2.       You Stop Taking Suggestions

Once life has balanced out and our affairs begin to organize themselves we start to accomplish things like promotions or job opportunities, new relationships, and material successes. At this point we may start to see that this new independence gives us reason to cut ties with the ones who helped build us up to this point. We think we no longer need to take advice or suggestions. We are convinced we have our own lives now and don’t need to be told how to live them. But if you don’t stay accountable to the sponsor you chose to help work your recovery or the support group you developed in order to save your life, then can you honestly trust yourself to stay accountable to any other relationship? When we become unteachable is when we put ourselves in danger.

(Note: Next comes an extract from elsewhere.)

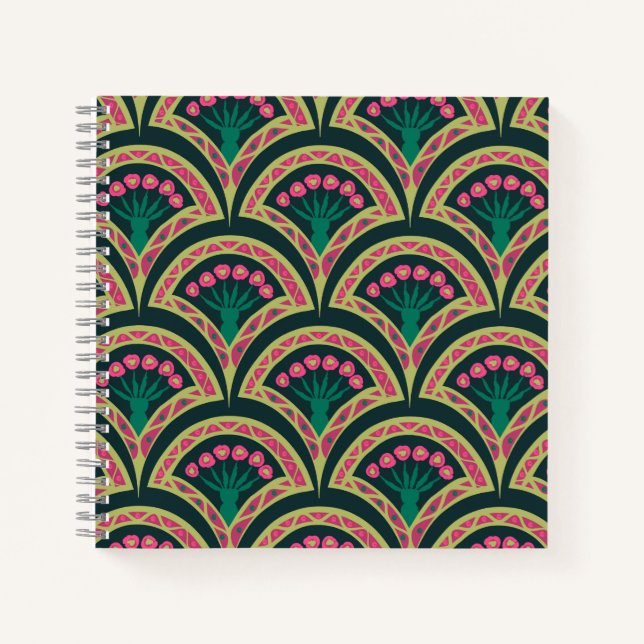 shell shaped green pattern notebook (Front)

3.       You Don’t Help Others

This is a symptom of complacency I am personally familiar with. I had worked a 12 Step Program of action in order to build a spiritual foundation and clean up my own past. I was blessed with a life of sobriety and many material and personal achievements, but I did no work to help another afflicted person to find what I had found. If we revert to a selfish and arrogant state of mind, we cannot be useful to others. By losing focus on spiritual principles and thinking others don’t deserve our time is a clear sign we are not on the correct course of action. As well as outside the program of recovery, helping others is essential to maintaining a deeper appreciation.

4.       You Are Easily Irritated

We are told a great deal in sobriety that acceptance and humility is huge in recovery. In my experience we have to do our best to understand others and keep our motives and emotions in check (within reason) to benefit others. At any point in sobriety that we start getting less and less accepting of others, that we start criticizing and degrading others, or we simply lose control of our serenity and aggression dominates every conversation we are edging towards disaster. When we fail to stay as peaceful as possible in the present moment and accept others as variables we cannot control, we begin to regress to old behaviors and our humility and love is compromised by the old demons like vanity, pride, and self-righteous habits.

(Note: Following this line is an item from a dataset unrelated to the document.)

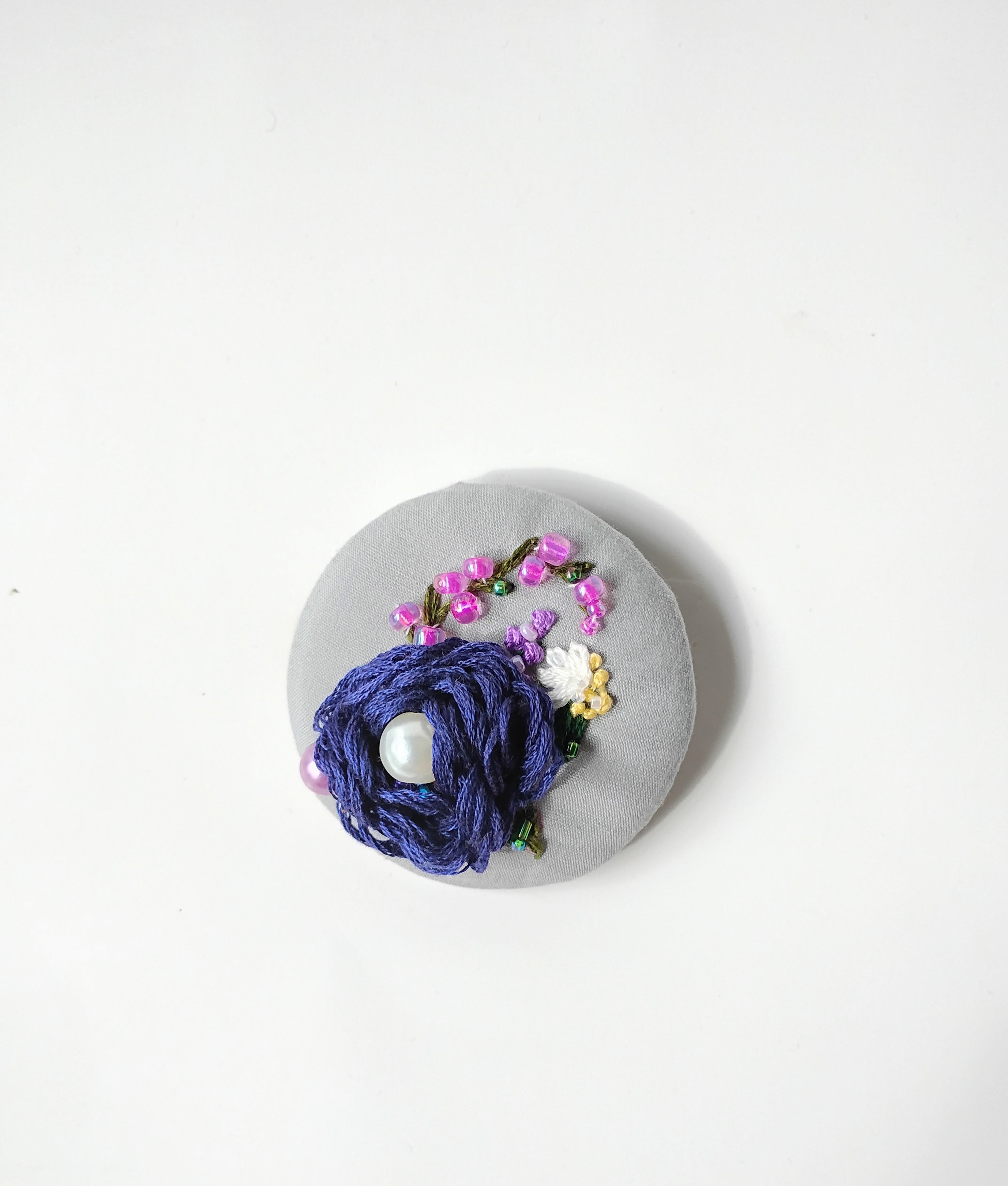 blue flower brooch 016- Handcrafted Statement Jewelry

5.       You Don’t Appreciate Gifts of Sobriety

We talked about how sobriety can provide us the chance to acquire new personal relationships, financial means, and material possessions. Once we start changing our lives, the world offers new opportunities and achievements. When complacency takes hold, we begin to want more. We may feel we are now entitled to these gifts, and we can start to look at the blessings we have gotten until this point and think we deserve better. The things we have gained are not good enough. Again, we are being selfish and putting expectations on life that are products of pride. With this attitude people in recovery tend to stray from their program and pursue more than what they need to be truly happy.

6.       You Stop Seeking Spirituality

The spiritual evolution of recovering addicts and alcoholics is an incredible process. Many have to start from scratch to build a concept and relationship with a Higher Power and some strain to find ways to nurture that relationship. Once this awareness has been established, you may settle for the same prayers and practices without trying to find ways to grow spiritually, or you might run the risk and stop exercising your spiritual fitness altogether. If you fail to remember the indispensable role your Higher Power plays in your new life, you start to become reliant on your own desires and opinions, which can lead you one day to believe that your desire to relapse is justified.

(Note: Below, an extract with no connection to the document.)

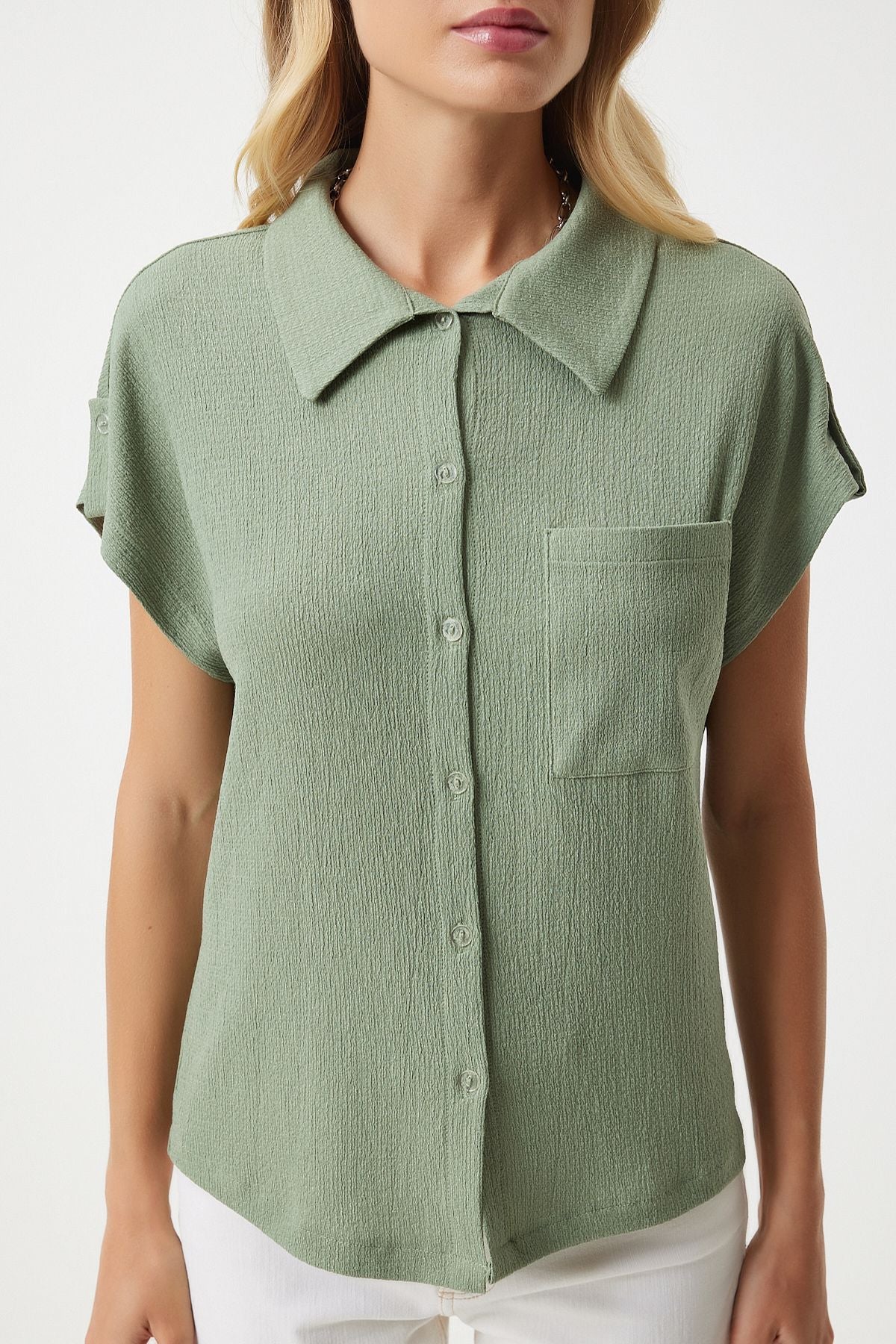 Women's Cagla Green Pocket Casual Knitting Shirt DD01325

7.       You Think You are Cured

Probably one of the biggest mistakes that results from being over confident and delusional in your recovery is believing you have come so far and changed so much that you have been cured. If you think it was God’s work or your own evolution, you may decide after overcoming so much in sobriety that you are not as sick as you once were. The desperation and despair is a fading memory and everything else is going your way, why wouldn’t this? Do not be fooled. If you suffer from the same disease as the majority of us do, there is always more work to be done.